Sometimes bad feelings among coworkers are based on small frictions that, when left unaddressed, can grow into hidden wounds that fester for years and affect everything they touch. I once worked in an organization where two of the top managers had not spoken to each other for years. When I asked each one individually why they disliked the other so much, I was surprised to find eerily similar responses. Apparently years before they had argued over a company designated parking space. Each one judged the other as self centered and untrustworthy for having argued to have the space in the first place.
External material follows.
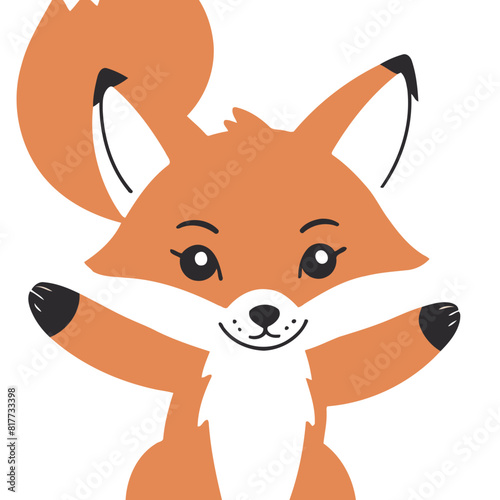 Cute vector illustration of a Fox for youngsters' picture books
Expectedly, their corresponding staff was mired in a continual array of one friction after another among coworkers.

Silly as this incident may sound, I am sure you can find dozens of like confrontations in all organizations.

The ability to forgive is an important quality for anyone who hopes to lead an organization, a group or a family in a positive direction. This does not mean leaders should overlook errors or bad behavior by others; on the contrary, people should be held accountable. However, it is how these incidents are addressed that makes the difference in the work place, or anywhere else for that matter.

The interesting aspect of any virtue is that you cannot fake them into your psyche; you must have lived them first. Developing the ability to forgive others is honed by the knowledge of how our own mistakes were handled. We can all recall times in our lives when we made mistakes. We can also remember the pain we felt if we were belittled and punished for them. We can also evoke the redemptive buoyancy we experienced when those around us were gentle and forgiving enough to help us confront and overcome the consequences we had created for ourselves. It is by accepting and understanding our own frailties that lead us to make mistakes, that we realize others are human as well. It is by understanding that others aren’t always perfect we can become gentle and forgiving enough to lead them through the necessary learning process that are contained within mistakes.

When mistakes or bad things happen in the work place, good leaders don’t offer judgment, they offer perspective and motivation to learn and move forward. In so doing, they transform their colleagues and their efforts into better people and greater outcomes.